夏色こいうた
「次の週末さ。俺様のクラスメイト数人で温泉旅行行くんだけど、幸村も参加しない?ビーチも近くにあるから泳げるし、料金も結構安価だよ」
「……学年が違うのに良いのか、佐助」
昔からよく世話を焼いてくれていて、今は同じ下宿先で暮らしている二つ年上の友人からの言葉。幸村の実家、真田家の使用人として佐助の親が働いていたのもあり、普段年上に対しては丁寧な言葉を使う幸村だが、佐助に対してはそうではない。もっとも佐助本人も丁寧な言葉を使われるのを嫌がっていたようだから、言葉遣いが二人の間で軋轢を生む事は無かった。

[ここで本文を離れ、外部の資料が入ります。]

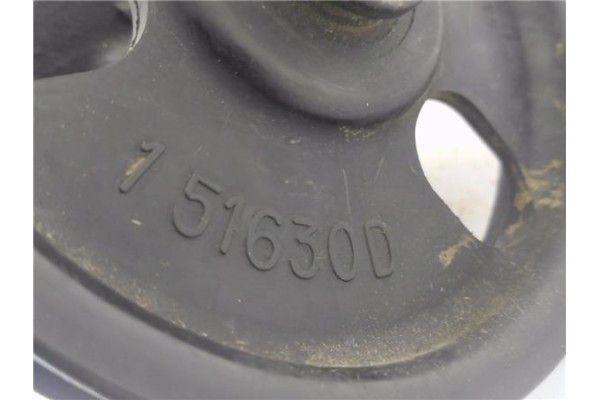 Recambio de bomba servodireccion para chrysler voyager gs 3.3 se referencia OEM IAM 4584156 151630D 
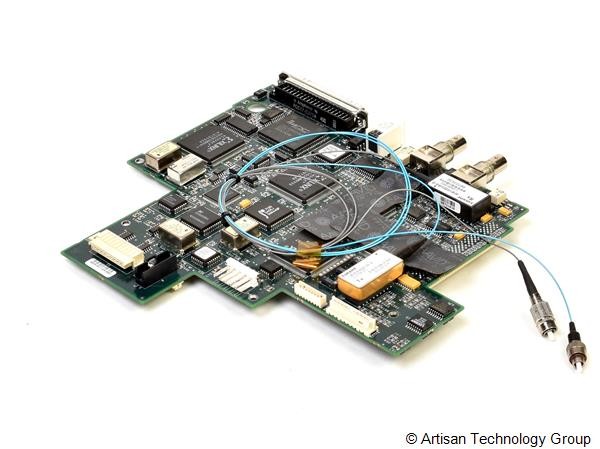 Digital Lightwave 100220 Optical Board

幸村も夏休みのうちにどこかに出掛けたいなと思っていて。先週バイトの収入が入った事もあり、魅力的な誘いだったが。同じ高校に通っているとは言え、三年生の中に自分が混じっても良いのか、という思いもある。
「殆どが幸村の事知ってる奴だから、その辺は心配しなくても大丈夫」
佐助の口から告げられたメンバーは、佐助がたまに下宿に連れて来る事もあり、幸村も良く知っていて。
(その中になら混じっても平気そうだな)
自分を可愛がってくれている、と言ってよい人物たちに安心して。
幸村は温泉旅行に参加を決めた。
「ありゃ、もう皆集まってるか。遊びになると早いんだよねあいつら。授業は良く遅れる癖に」
真夏の強い日差しを受けながら、待ち合わせ場所に辿り着き。佐助があそこ、と指し示した場所には。私服姿の学生数人。
(な、何故伊達先輩が!)
その中に佐助から聞かされていないメンバーを見付け、思わず硬直する。
「あれ、あと一人って伊達を誘ったのか。集団での泊まりとか参加するイメージじゃなかったけど」
どうやら、佐助も彼・伊達政宗が参加する事を知らなかったらしい。
(……伊達先輩と過ごせるのは嬉しいがっ……)
自分の、彼への想いがばれて。彼と気まずい関係になってしまわないようにしなければ。
伊達政宗という、片目を眼帯で覆い整った顔を持つその男は。
幸村が密かに恋心を抱いている相手、だった。幸村は別に男が好き、と言う訳ではない。ただ高校に入り、周囲が恋の話に花を咲かせ始めても、あまり興味を持てなかった。そんな幸村が伊達政宗へ淡い想いを抱いてしまったのは。ある出来事があってから、だ。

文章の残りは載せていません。